== What is needed ==
Pictures in the listing below are skipped, while the lines from the "Daiber JN 767" line through the "Charity event food icon vector flat" line are returned word for word.

== Working data ==
________________
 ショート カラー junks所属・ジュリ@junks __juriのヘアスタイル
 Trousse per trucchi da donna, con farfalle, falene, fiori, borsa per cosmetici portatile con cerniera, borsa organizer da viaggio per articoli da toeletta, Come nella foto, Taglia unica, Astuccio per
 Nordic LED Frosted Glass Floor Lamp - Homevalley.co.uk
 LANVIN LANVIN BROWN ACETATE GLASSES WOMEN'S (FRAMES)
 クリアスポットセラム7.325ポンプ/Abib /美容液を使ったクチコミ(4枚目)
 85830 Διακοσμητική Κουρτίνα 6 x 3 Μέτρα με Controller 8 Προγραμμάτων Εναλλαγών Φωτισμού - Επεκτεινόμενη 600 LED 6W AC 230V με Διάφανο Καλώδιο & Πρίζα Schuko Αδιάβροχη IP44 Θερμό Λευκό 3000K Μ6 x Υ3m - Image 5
________________
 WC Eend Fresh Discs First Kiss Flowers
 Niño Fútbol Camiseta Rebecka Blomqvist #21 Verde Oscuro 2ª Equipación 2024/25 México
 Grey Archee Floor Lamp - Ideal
________________
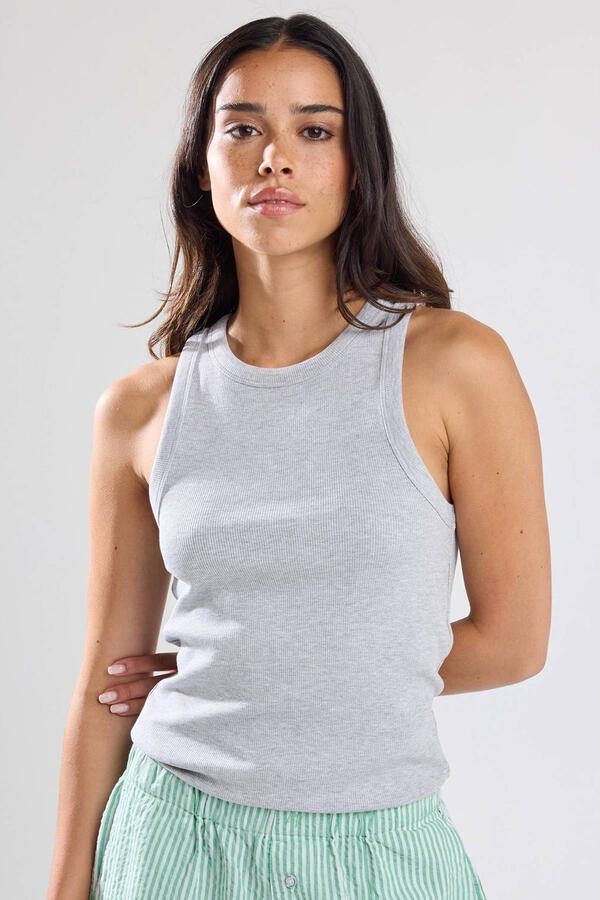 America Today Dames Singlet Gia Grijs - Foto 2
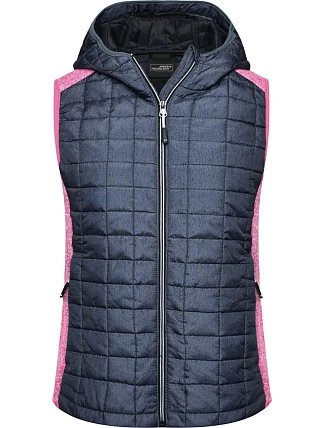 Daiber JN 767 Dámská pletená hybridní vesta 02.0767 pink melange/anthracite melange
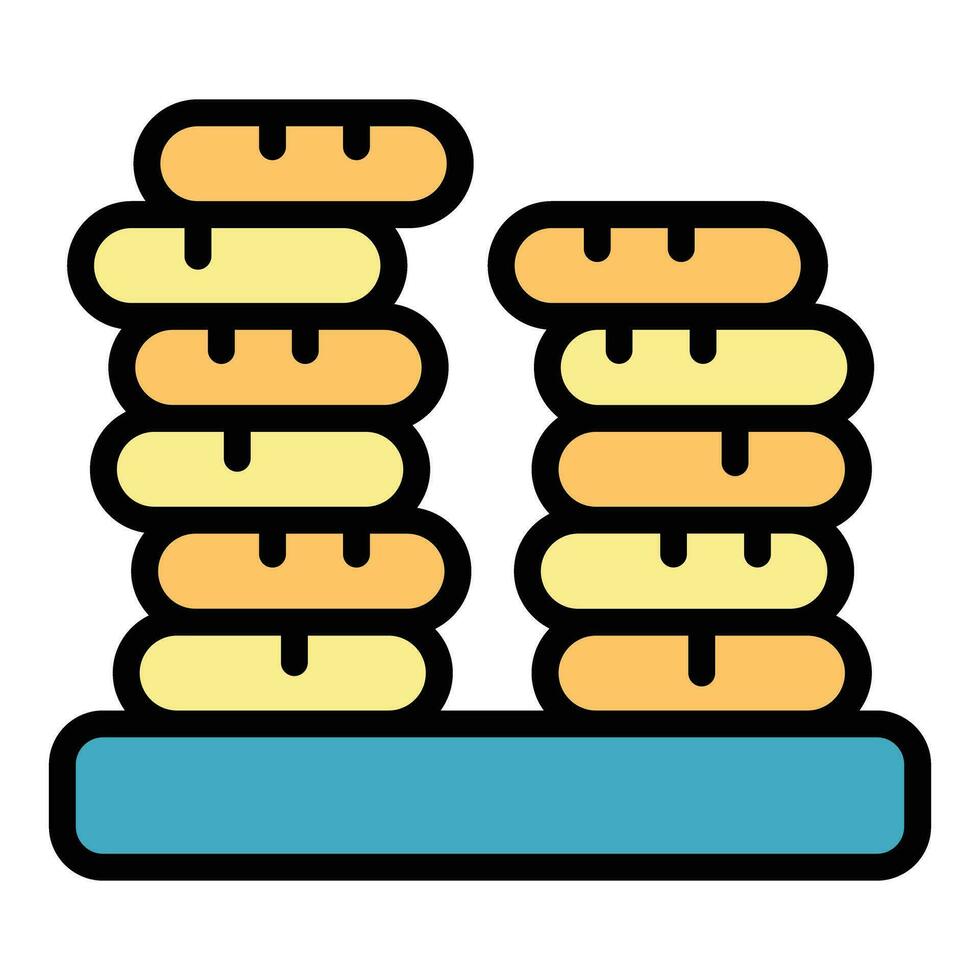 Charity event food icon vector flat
________________
== Exercise solution ==
 Daiber JN 767 Dámská pletená hybridní vesta 02.0767 pink melange/anthracite melange
 Charity event food icon vector flat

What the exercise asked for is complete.